(Task to carry out)
Leave out the pictures and retype, exactly, the lines below from the line with "A happy Japanese" up to and including the line with "Tornado Mart DL", nothing more.

(Source material)
* * *

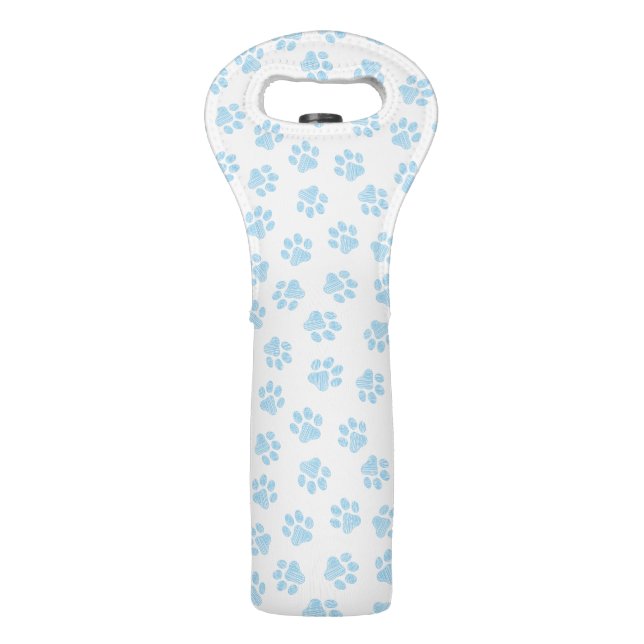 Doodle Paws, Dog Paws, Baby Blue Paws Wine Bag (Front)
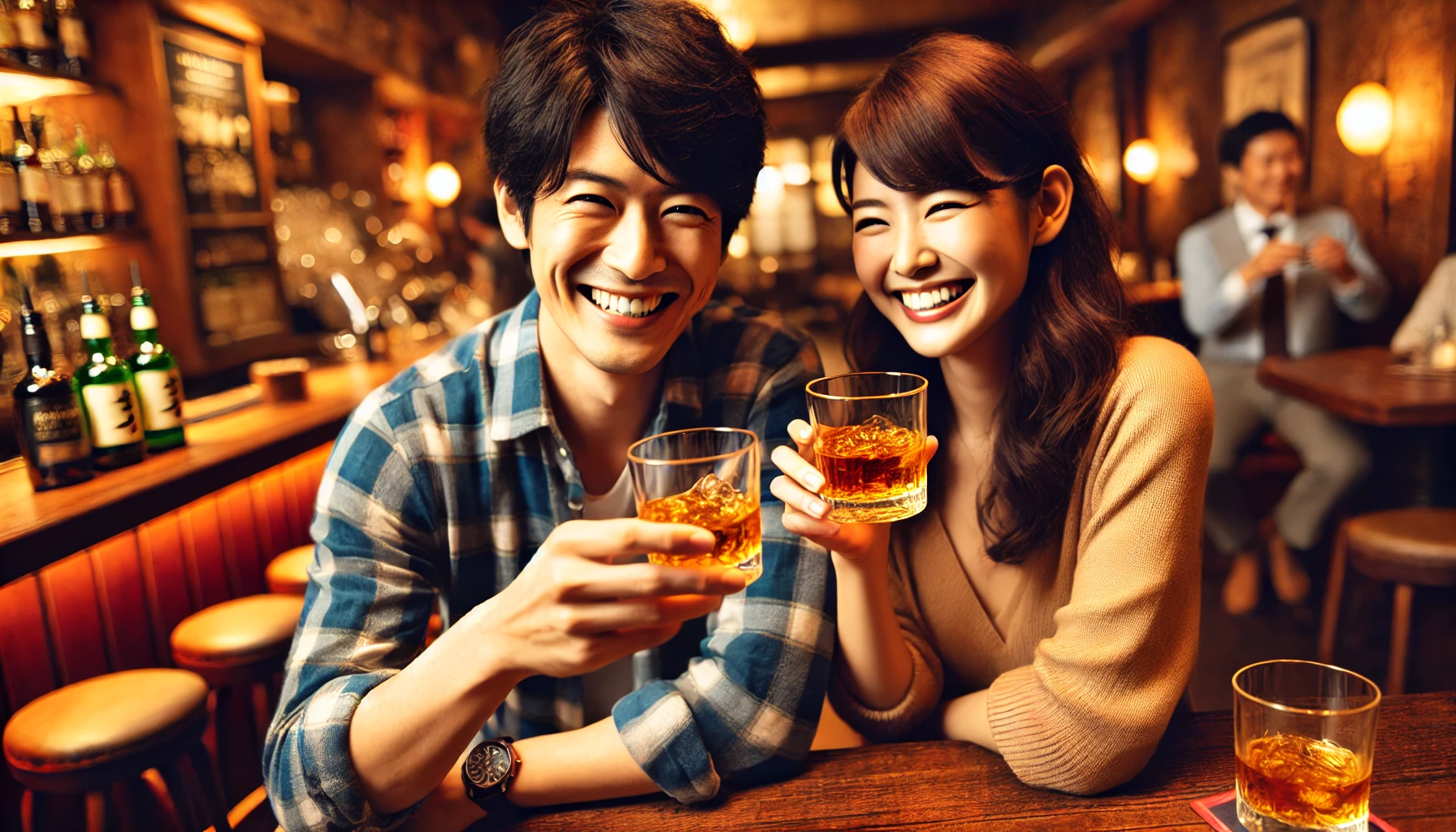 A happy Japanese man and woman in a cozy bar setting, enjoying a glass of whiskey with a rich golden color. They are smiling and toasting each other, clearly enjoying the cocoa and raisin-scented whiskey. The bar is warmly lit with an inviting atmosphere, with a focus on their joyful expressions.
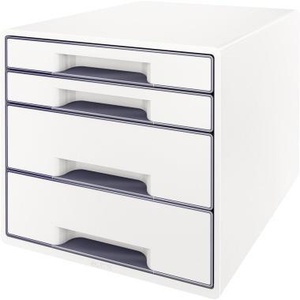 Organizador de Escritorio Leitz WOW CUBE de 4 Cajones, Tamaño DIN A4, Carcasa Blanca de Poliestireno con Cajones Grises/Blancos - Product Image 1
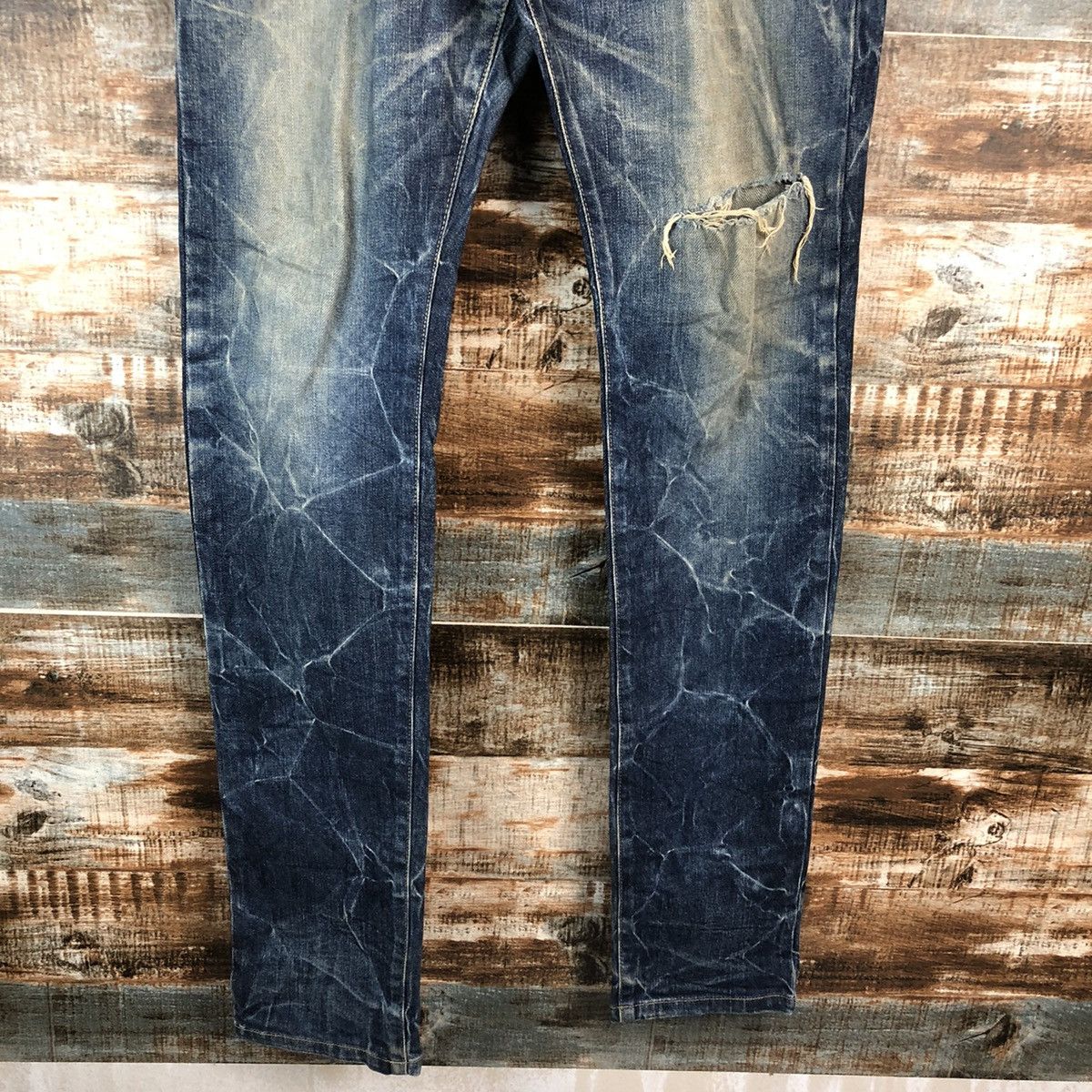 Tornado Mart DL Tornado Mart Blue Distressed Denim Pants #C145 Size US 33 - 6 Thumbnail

* * *

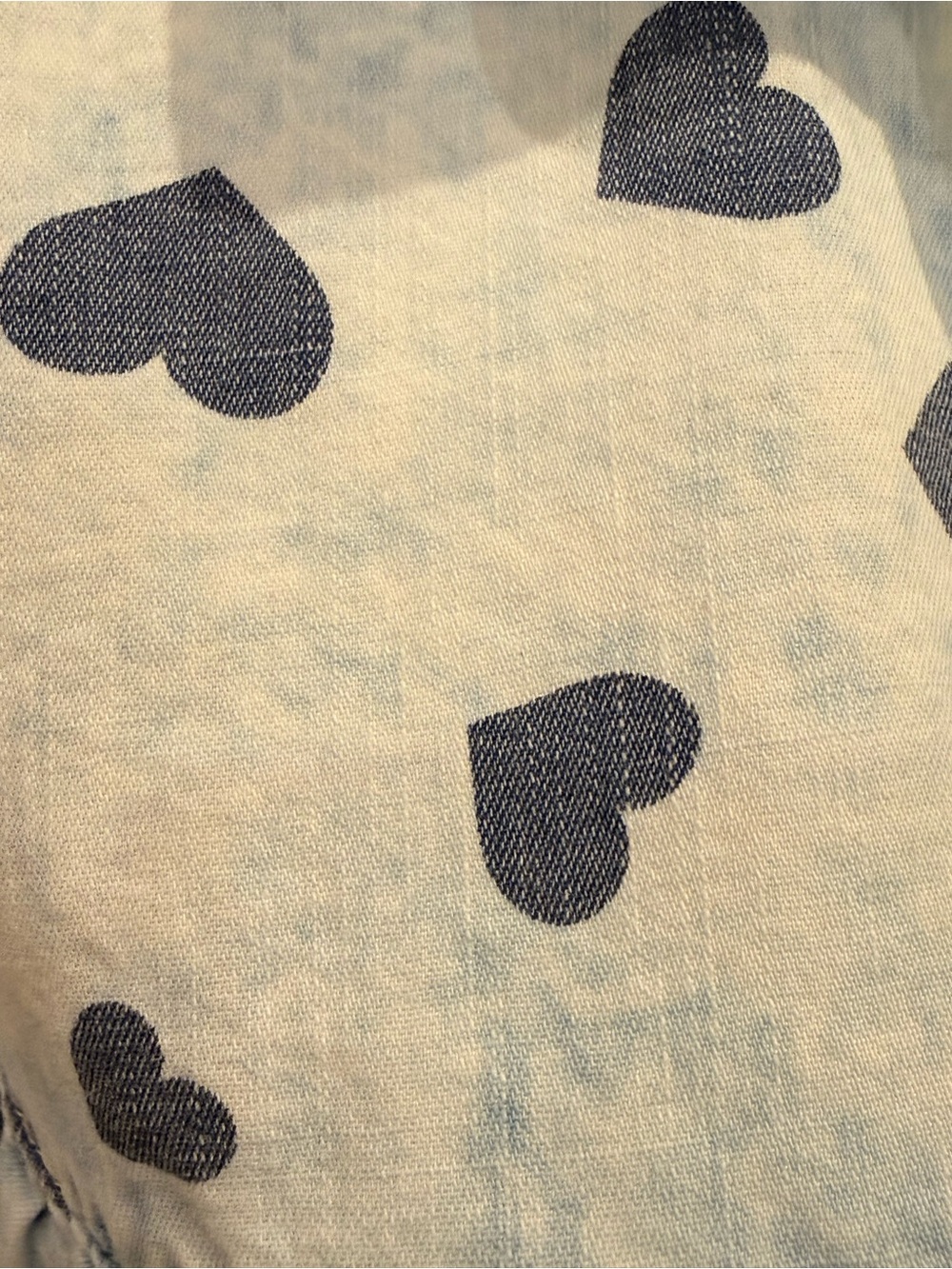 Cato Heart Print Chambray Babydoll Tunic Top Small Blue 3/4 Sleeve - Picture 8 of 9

* * *

(Completed task)
 A happy Japanese man and woman in a cozy bar setting, enjoying a glass of whiskey with a rich golden color. They are smiling and toasting each other, clearly enjoying the cocoa and raisin-scented whiskey. The bar is warmly lit with an inviting atmosphere, with a focus on their joyful expressions.
 Organizador de Escritorio Leitz WOW CUBE de 4 Cajones, Tamaño DIN A4, Carcasa Blanca de Poliestireno con Cajones Grises/Blancos - Product Image 1
 Tornado Mart DL Tornado Mart Blue Distressed Denim Pants #C145 Size US 33 - 6 Thumbnail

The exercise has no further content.